Mild silver-mediated geminal difluorination of styrenes using an air- and moisture-stable fluoroiodane reagent.

An air- and moisture-stable fluoroiodane in the presence of AgBF4 is suitable for selective geminal difluorination of styrenes under mild reaction conditions. One of the CF bonds is formed by transfer of electrophilic fluorine from the hypervalent iodine reagent, while the other one arises from the tetrafluoroborate counterion of silver. Deuterium-isotope-labelling experiments and rearrangement of methyl styrene substrates suggest that the reaction proceeds through a phenonium ion intermediate.

Organofluorines are very important substances in pharmaceutical and agrochemical industries and have also had an increasing role in medicinal research and diagnostics.[1] As organofluorine compounds are specific regulator substances, inhibitors, or biomarkers, constant development of new methodologies for their selective synthesis is a very important task in synthetic chemistry. The appearance of new stable, electrophilic fluorinating reagents and methodologies allowed the extension of the new methodologies for selective synthesis of a large variety of organofluorine compounds.[2] In recent years creation of single C=F bonds, introduction of CF2, and trifluoromethylation reactions have received a lot of attention. Of these major areas the introduction of a CF2 group is probably the least developed.[3] Nevertheless, the difluoromethyl group proved to be an important motif in enzyme inhibitors.[4] This property is probably a result of the ability of the CF2H group to donate hydrogen bonds,[5] and, thus serve as a bioisoster for hydroxy and thiol moieties.[6] Furthermore, very recently CF2 groups have found new applications in medicinal diagnostics as well.
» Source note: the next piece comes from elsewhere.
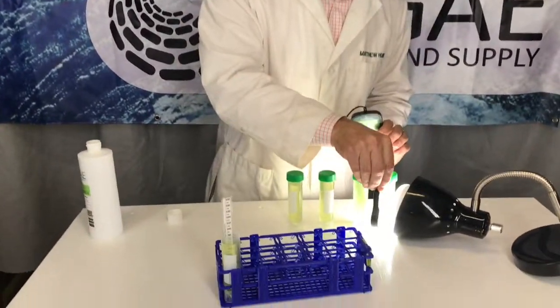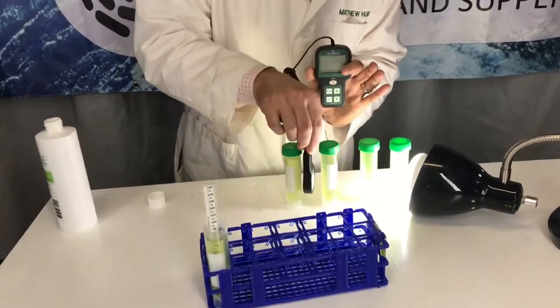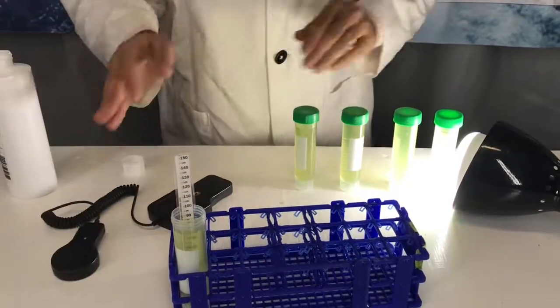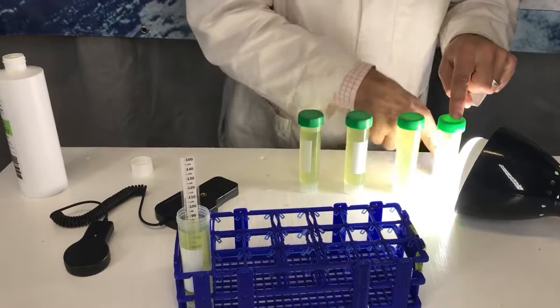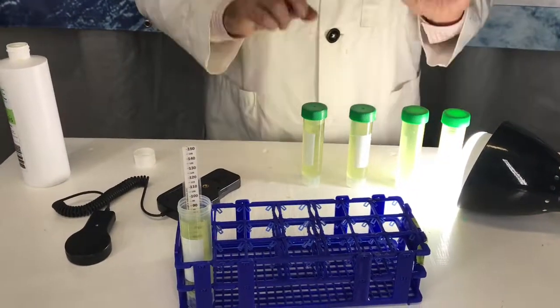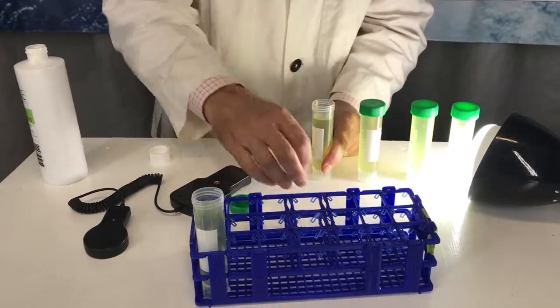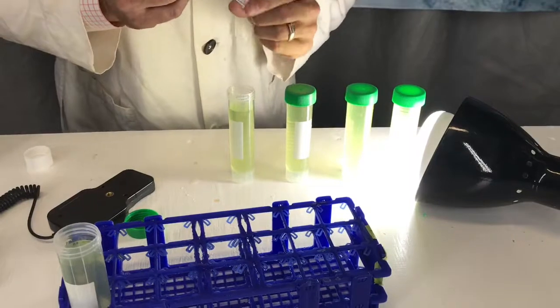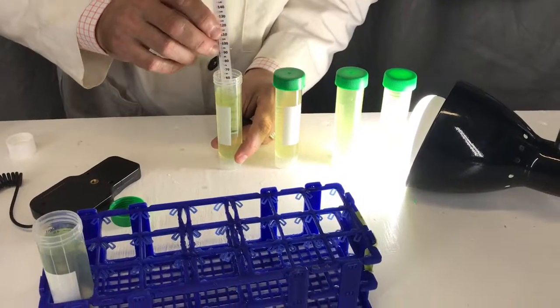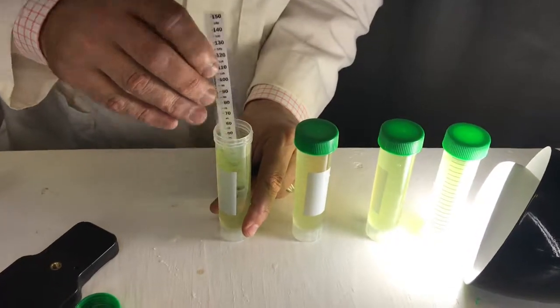With each one of these containers, you want to get a good estimate of how much light is actually hitting each one. If you lay a piece of paper down first, each student can write their name to mark where their container goes. Then you'll want to record everything — you've got to record the math.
A new trend in the synthesis of trifluoromethyl-group-based PET tracers is substitution of suitable sp3 difluoromethyl groups with 18F to obtain 18FCF2 functionalities.[7]

The early methods for introducing difluoromethyl groups to organic molecules were mainly based on the application of highly reactive inorganic fluorinating reagents, such as DAST,[8] Deoxofluor,[9] and XeF2.[10] However, application of these reagents may lead to problems in functional-group tolerance and selectivity, and causes hazardous HF development upon contact with water. The recently reported methodologies are usually based on metal-catalyzed cross-coupling of various CF2 carriers with aryl halides and boronates. For example the groups of Amii,[11] Hartwig,[12] Prakash and Olah,[13] and Qing[14] used a copper catalyst (or mediator), while the group of Zhang[15] used palladium catalysis for the introduction of a CF2 group to organic substrates. Baran and co-workers have published a series of papers on C=H difluoromethylation by CF2H radicals.[16] Introduction of the difluoromethyl group with consecutive difluorination reactions is a less common approach compared to the above-mentioned cross-coupling of CF2 units with the organic substrate. Tang and co-workers[17] have shown that consecutive geminal difluorination of aromatic benzyl groups can be achieved by using Selectfluor as a fluorine source in combination with a silver catalyst under oxidative conditions. A similar reaction has been reported by Chen and co-workers[18] using visible-light-promoted reactions under metal-free conditions. For both reactions a radical mechanism was postulated.

Recently, development of new fluorination reactions by application of hypervalent iodine reagents has attracted considerable attention.[2a,b,19] As a part of our synthetic fluorochemistry program,[20] we have studied the potential use of the hypervalent fluoroiodane 1[19f,21] as an electrophilic organofluorinating reagent [see Eq. (1)]. The fluoroiodane 1 is an air- and moisture-stable crystalline compound and structural analogue of the Togni reagent,[2a,22] which has been one of the most successful electrophilic trifluoromethylating reagents in organic synthesis. Another attractive property is that 1 can be obtained from its chloro analogue by addition of KF.[21b] Thus, synthesis of 1 using KF involves a simple umpolung method by changing a nucleophilic fluorine into an electrophilic one. This simple possibility for umpolung of the fluorine atom can be a useful feature for the development of new tracers for medicinal diagnostics.[23] The first report by Legault and Prévost[21a] on the attempts to use 1 for C=F bond-formation reactions was disappointing. In contrast to its bromo analogue, 1 was not suitable for the electrophilic halogenation of anisole. According to Stuart and co-workers[19f] 1 reacts with 1,3-diketoesters and 1,3-diketones in the presence of TREAT-HF to give mono- and difluoro products, respectively. As far as we know, this paper by Stuart and co-workers[19f] has been the only report on the application of 1 for creating C=F bonds.

We have now found [Eq. (1)] that mixing of equimolar amounts of the styrene 2 a, 1, and AgBF4 (3) results in the difluoro compound 4 a under mild reaction conditions (40 °C). The reaction was very clean and the yield of the isolated product was over 50 %, thus indicating that in the geminally difluorinated product one of the fluorine atoms was derived from 1, while the other one originated from the BF4− counterion of silver. Thus, under mild reaction conditions, using air- and moisture-stable starting materials a formal F2 addition to 2 a could be performed.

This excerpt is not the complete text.